2021 can overall be described as a dry and hot year across Puerto Rico and the U.S. Virgin Islands.
View this drought status update in Spanish.
- Puerto Rico Conditions: Drought conditions continue to deteriorate across most of Puerto Rico without significant relief until the start of the wet season in April.
- 2021 Perspective: Through December 13, the 48.52 inches of rain in San Juan is nearly 9 inches below normal year to date. The average temperature of 81.7 °F is likewise on pace to be the 10th warmest year on record dating back to 1899. Nine of the past 10 years have seen above-normal temperatures.
- U.S Virgin Islands Conditions: Drought conditions continue to deteriorate across all islands without significant relief until the start of the wet season in April. Conditions are hot and dry with only sporadic rain across the territory. St. Croix is the hardest hit and is currently classified as having long-term extreme drought (D3).
- 2021 Perspective: Through December 13, 2021 is on pace to be the third driest year on record in 58 years of reliable data at Henry Rohlsen Airport in St. Croix. The year-to-date rainfall of 21.13 inches is over 14 inches below normal. The average temperature of 81.6 °F is 0.6 °F above the 30-year normal. Of note is the fact that December has already seen five days with temperatures at or above 90 °F. In 70 years of data from 1951 to 2020, there were only four such occurrences in December.
- 2021 Perspective: Through December 13, at Cyril King Airport in St. Thomas, 2021 is on pace for its ninth driest year in 50 years of reliable data.
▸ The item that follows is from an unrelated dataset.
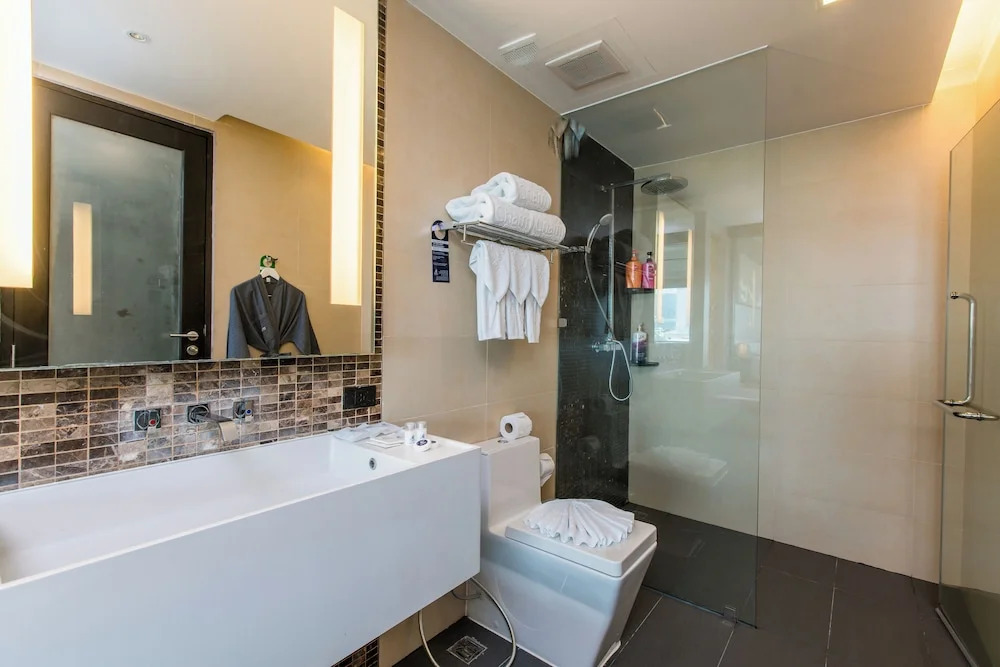 4616 - Studio With Balcony & Pool Near Patong Beach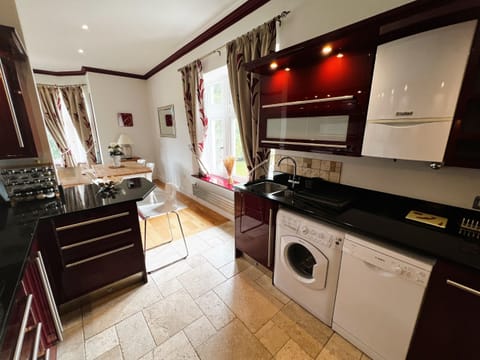 Well equipped kitchen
The year-to-date rainfall of 28.18 inches is nearly 12 inches below normal. The average temperature of 82.1 °F is 0.6 °F above the 30-year normal.
- Puerto Rico Current Impacts: There have been reports of suffering vegetation and signs of soil cracking across southern Puerto Rico. Fuel moisture across this area has been below normal, which is causing days with an elevated risk of fire weather.
- U.S. Virgin Islands Current Impacts: Intermittent rainfall territory-wide is not recharging ponds and collection containers as it is sporadic and evaporates quickly due to hot temperatures and high winds. Soil moisture has been impacted by persistent wind, and vegetation is slowly showing signs of distress.
- Looking Ahead: Due to the below-normal rainfall that is expected through at least February 2022, as well as the observed conditions, drought is expected to persist and/or expand into March.
- For weather information specific to your area, please monitor products issued by the National Weather Service in San Juan, Puerto Rico.
- Puerto Rico: Rainfall deficits continue to be observed. Nearly 54% of Puerto Rico is classified as abnormally dry (D0) by the U.S. Drought Monitor, while 28% of the island is classified as having moderate drought (D1). The reported moderate drought conditions are mainly along the southern coast and began in January 2021 (Figure 1).
- U.S. Virgin Islands: Drought continues to worsen across all of the USVI, with moderate drought (D1) observed at St. John, severe drought (D2) observed at St. Thomas, and extreme drought (D3) observed at St. Croix. By definition, D1, D2, and D3 are conditions that can be expected to occur every 5 to 10, 10 to 20, and 20 to 50 years, respectively.
- 2021 Perspective: Although the western interior of Puerto Rico has received near- to above-normal rainfall throughout 2021, the rest of Puerto Rico and the U.S. Virgin Islands have been receiving below-normal rainfall.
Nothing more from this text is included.